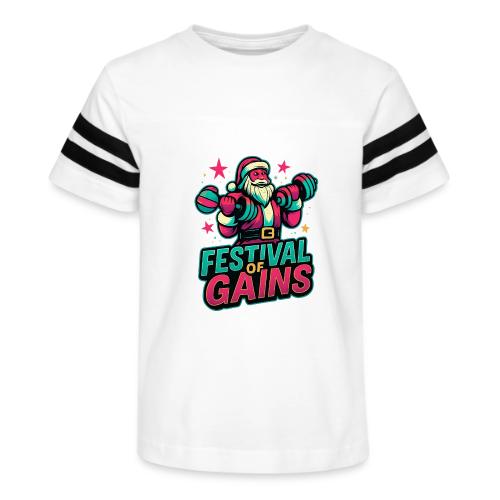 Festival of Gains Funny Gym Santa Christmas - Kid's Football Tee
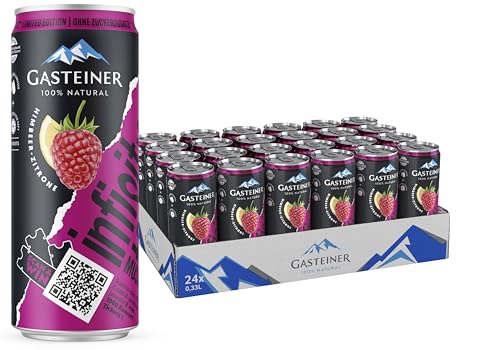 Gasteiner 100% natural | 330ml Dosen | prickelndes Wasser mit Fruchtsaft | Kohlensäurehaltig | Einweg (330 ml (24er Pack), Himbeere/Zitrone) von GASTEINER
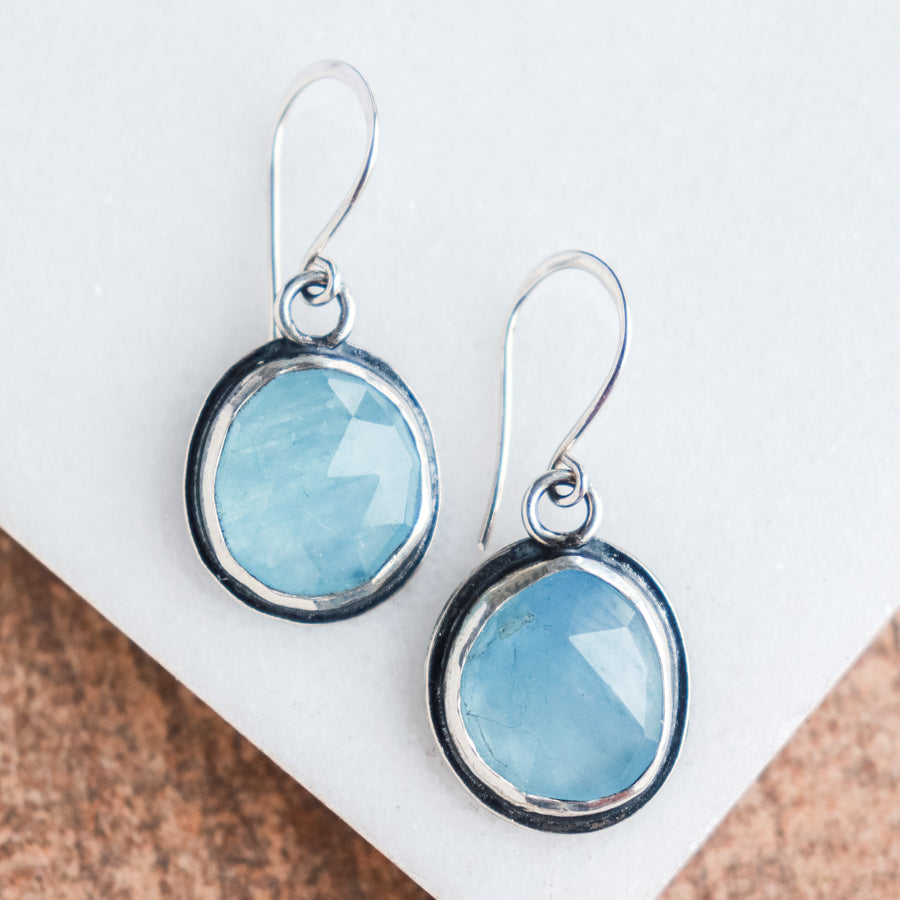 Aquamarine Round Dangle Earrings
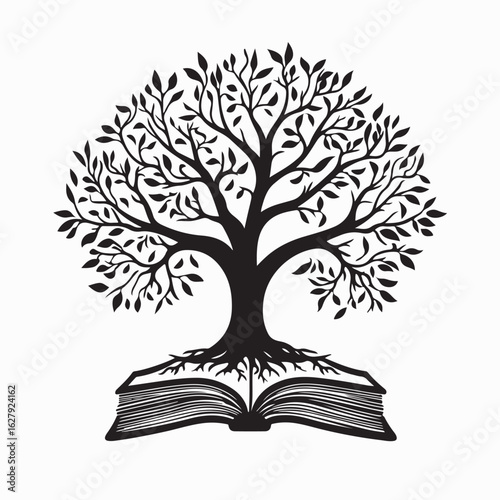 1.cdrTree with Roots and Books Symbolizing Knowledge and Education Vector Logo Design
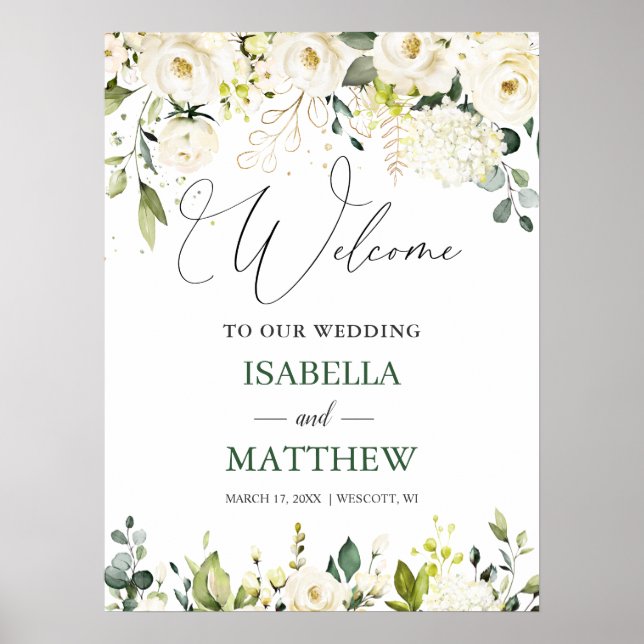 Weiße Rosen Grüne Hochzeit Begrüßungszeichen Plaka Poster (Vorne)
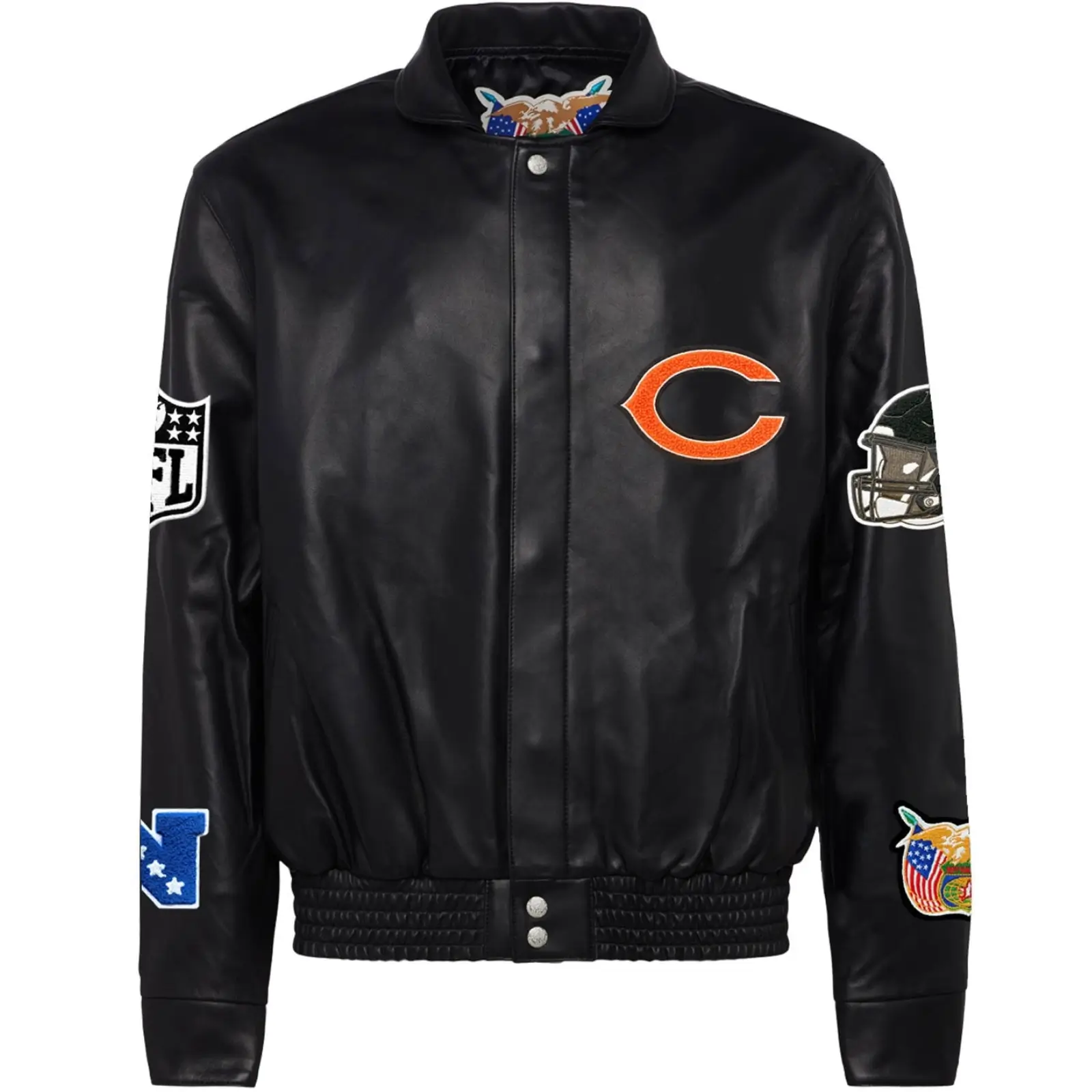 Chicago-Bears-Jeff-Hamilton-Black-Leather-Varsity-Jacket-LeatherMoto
####
__Task item__. All lines from the one with "1.cdrTree with Roots" through the end of the records above must be reproduced exactly, both ends included, and the pictures must be left out.

__Written reply__.
 1.cdrTree with Roots and Books Symbolizing Knowledge and Education Vector Logo Design
 Weiße Rosen Grüne Hochzeit Begrüßungszeichen Plaka Poster (Vorne)
 Chicago-Bears-Jeff-Hamilton-Black-Leather-Varsity-Jacket-LeatherMoto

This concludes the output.